VANCOUVER - A Canadian mining company is moving to diffuse a growing dispute with First Nations groups over a proposed open pit coal mine in northern B.C., by pulling out of the mine site for several months.
However, Fortune Minerals (
TSX:T.FT,
Stock Forum) said it is not leaving Mount Klappan for good, and that the company remains committed to the mine in an area considered sacred by First Nations.
“While all of Fortune's activities at the project site are focused on gathering necessary information that will be used in a B.C. environmental assessment process, ... the company has faced disruptive and damaging protests,” the firm
said in a statement.
On Sunday, about 40 members of the Tahltan First Nation, including elders, moved into the Fortune's camp site at Mount Klappan and asked the workers to leave.

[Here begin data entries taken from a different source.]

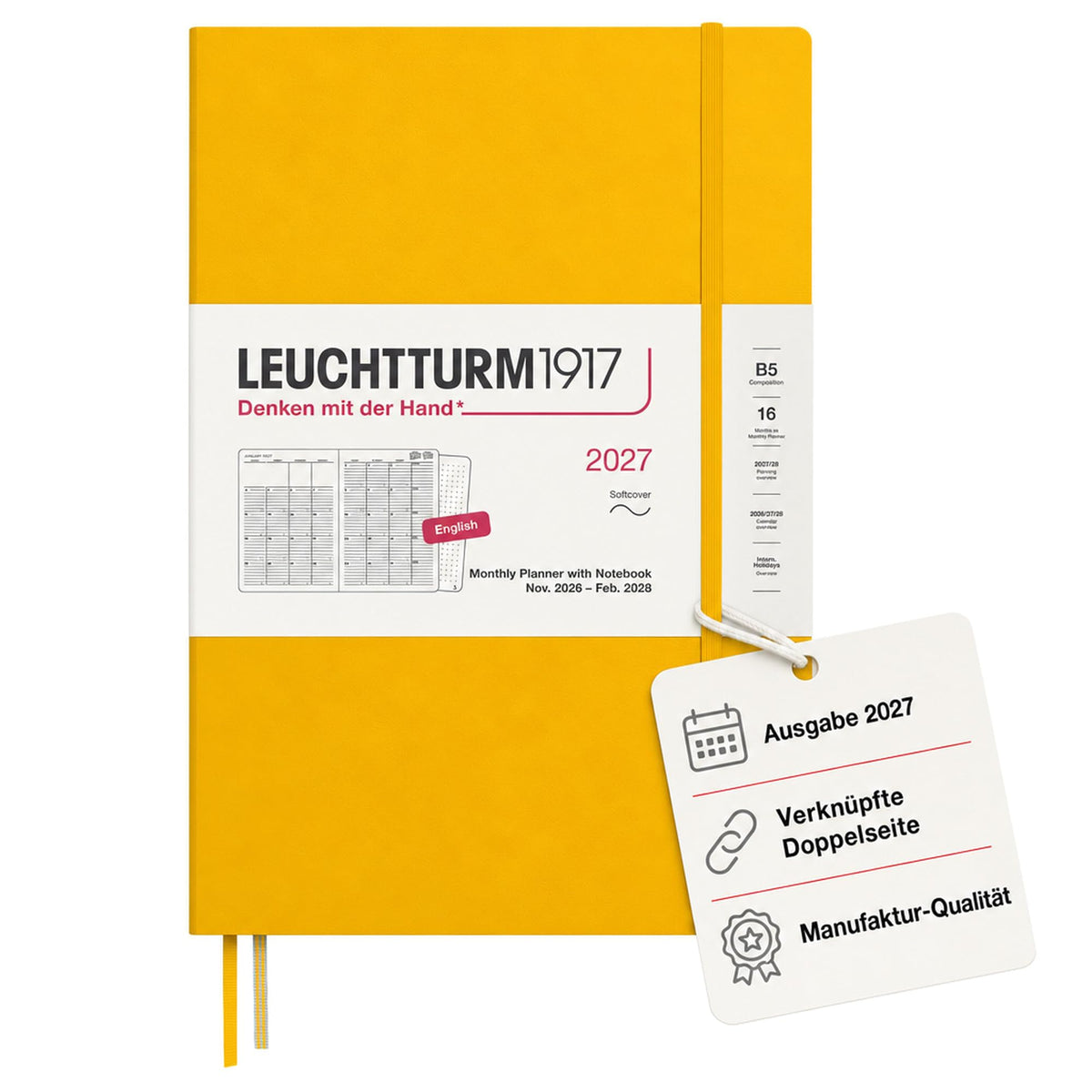 LEUCHTTURM1917 planificator lunar cu caiet 2027 Compoziție (B5) - engleză, floarea soarelui, copertă moale, 16 luni (01.11.2026-28.02.2028), 132 pagini de note punctate cu cuprins - 400339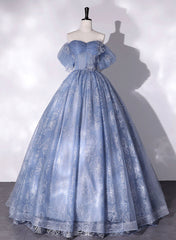 Blue Off Shoulder Ball Gown Floral Tulle Party Dress Outfits For Girls, Blue Sweet 16 Dress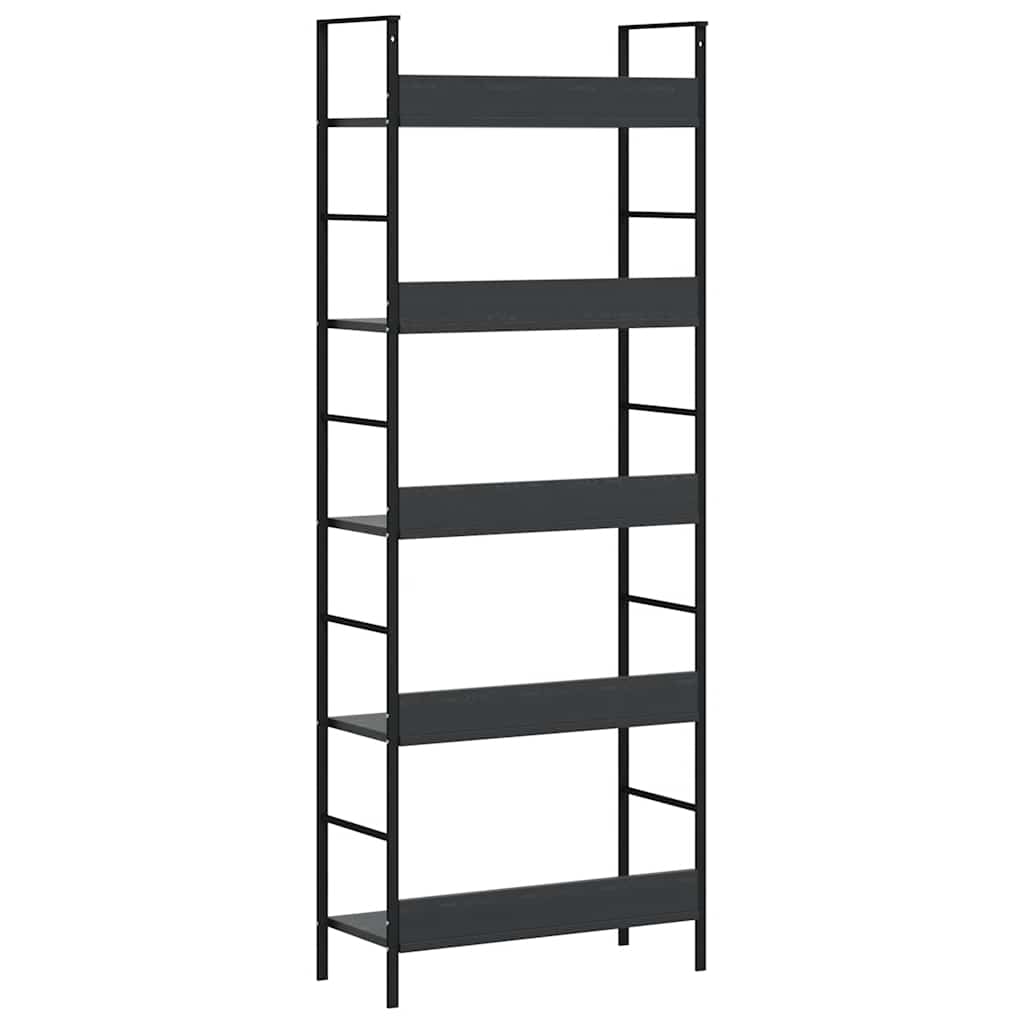 Bücherregal 5 Regalböden Schwarz 60x27,6x158,5 cm Holzwerkstoff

Tahltan members had earlier issued what they called an “eviction notice, requiring the company to halt its exploration activities and leave the area,” said a news release issued by the Tahltan Central Council on Tuesday.
As reported
exclusively on Stockhouse.com on August 23, Tahtlan elders are protesting at the Fortune site by, among other things, holding drum circles near Fortune’s field camp twice a day, while Fortune representatives offered to change a helicopter route that was alleged to have disturbed traditional hunting grounds.
Fortune is proposing an open pit coal mine for the site that First Nations call the Sacred Headwaters, an area aboriginals say is of significant cultural value and feeds three major salmon-bearing rivers: the Skeena, the Stikine and the Nass rivers.
The mine in question, the Arctos Anthracite project, located 330 kilometres northeast of the Port of Prince Rupert, is an international collaboration between Fortune (80%) and POSCAN (20%), the Canadian subsidiary of South Korea’s POSCO, one of the world’s largest steel producers.
To date Fortune has invested $100 million in the proposed project, which executives say has the potential for $10 billion in revenue and $900 million in Provincial and Federal taxes after a 25-year mine life.
Over the weekend, B.C. Mines Minister Bill Bennett travelled to the remote site, located several hundred kilometres north of Terrace in northeast B.C.
Bennett told protesters he would urge Fortune Minerals not to seek an injunction against them.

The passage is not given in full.